Sync and modtime issue with hubic


#1

Hey there,
Due to the official hubic client being near to dead, I decided recently to switch recently to rclone that seems to be a great piece of software, but I encounter issues. I spend hours and days testing the whole thing.

Here is my configuration :

  • remote: hubic (about 150 Gbytes)
  • rclone version: rclone v1.43.1
  • OS: Ubuntu 18.04 LTS
  • command:
  • /usr/bin/rclone sync -vvv $SRC $DEST -L --min-age 15m --exclude-from $EXCLUDEFILE --checkers 128 --retries 1 --delete-during -n |& tee $LOGFILE

I first tried without the “-n” (dry-run) flag but I got some inconsistencies so I switched to dry run to perform extended tests.
If I run the same command several times, some large files (> 1Gbyte) are synced over and over.
In the log there is:

  • 2018/10/04 11:06:53 DEBUG : path_to_the_file/DSC_3197.MOV: Modification times differ by 1h25m31.7153182s: 2017-01-09 05:09:17.2846818 +1300 NZDT, 2017-01-08 17:34:49 +0000 UTC
  • […]
  • 2018/10/04 11:06:54 DEBUG : path_to_the_file/DSC_3197.MOV: Returning empty Md5sum for swift large object
  • 2018/10/04 11:06:54 NOTICE: path_to_the_file/DSC_3197.MOV: Not copying as --dry-run

I then checked the modification time on the remote and locally with the following commands:

  • rclone lsl hubic:path_to_the_file_directory
  • rclone lsl /home/path_to_the_file_directory
    Both outputs regarding the file are exactly the same:
  • 124974528 2017-01-09 05:09:17.284681800 DSC_3197.MOV
  • 124974528 2017-01-09 05:09:17.284681800 DSC_3197.MOV
    I do not understand why the modtime is detected as different in the first command above and not with the lsd command.
    The consequences of modtime being wrongly read for large files is that they are assumed as “dirty” since the md5sum is read to null. The file is synced over and over and at the end of the day it uses a lot of data.

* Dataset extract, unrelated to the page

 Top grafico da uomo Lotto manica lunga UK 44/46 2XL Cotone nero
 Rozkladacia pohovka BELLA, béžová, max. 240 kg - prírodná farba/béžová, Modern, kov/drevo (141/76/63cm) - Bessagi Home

What is more, I have lots of files (< 1 Gbytes) where the modtime is detected as not up to date. What is wrong. These files are not synced again but the modtime is updated.
I have about 34000 files and around 200 are detected as not up to date at each run, and they are not the same each run.
I suspect an issue on reading the modtime, as if randomly, not the modtime but the upload time was considered instead.
I don’t know if it is a bug of rclone or hubic.

Anyhow, I found a command that work well and is superfast. It uses –-update and --use-server-modtime. in dry run mode it takes only a couple of seconds to perform. I copy past it for anyone that would be interested :

/usr/bin/rclone sync -vvv $SRC $DEST -L --min-age 15m --exclude-from $EXCLUDEFILE --checkers 128 --delete-during --update --use-server-modtime |& tee $LOGFILE


#2

Hubic is bad, they made me loss all files of one old account.


#3

Are the troublesome files bigger than 5 GB? I suspect this is something to do with chunked files which are by default chunked at 5GB.

How were these file uploaded? With rclone or a different tool? Rclone uses a special bit of metadata to store the modified time.

server mod time is good for use with hubic as it saves an http transaction per file.

You can also use --checksum or --size-only. I sync lots of images regularly to a swift backend and I use --size-only for that.

You can also use --fast-list which will may speed things up at the cost of extra memory.


#4

Do you know good alternatives at decent price? I would need 1 TByte


#5

Thank you ncw for your answer. Here my replies to your questions:

Are the troublesome files bigger than 5 GB? I suspect this is something to do with chunked files which are by default chunked at 5GB.

No they aren’t. They are mainly between 1 and 2 GB.
Modtime reading errors also occur on small files. But as md5 sum is checked if modtime doesn’t fit, files are not synced but their modtime is updated.

How were these file uploaded? With rclone or a different tool? Rclone uses a special bit of metadata to store the modified time.

Files were mainly uploaded with the hubic client but some were uploaded with previous rclone attempts.

server mod time is good for use with hubic as it saves an http transaction per file.

You can also use --checksum or --size-only. I sync lots of images regularly to a swift backend and I use --size-only for that.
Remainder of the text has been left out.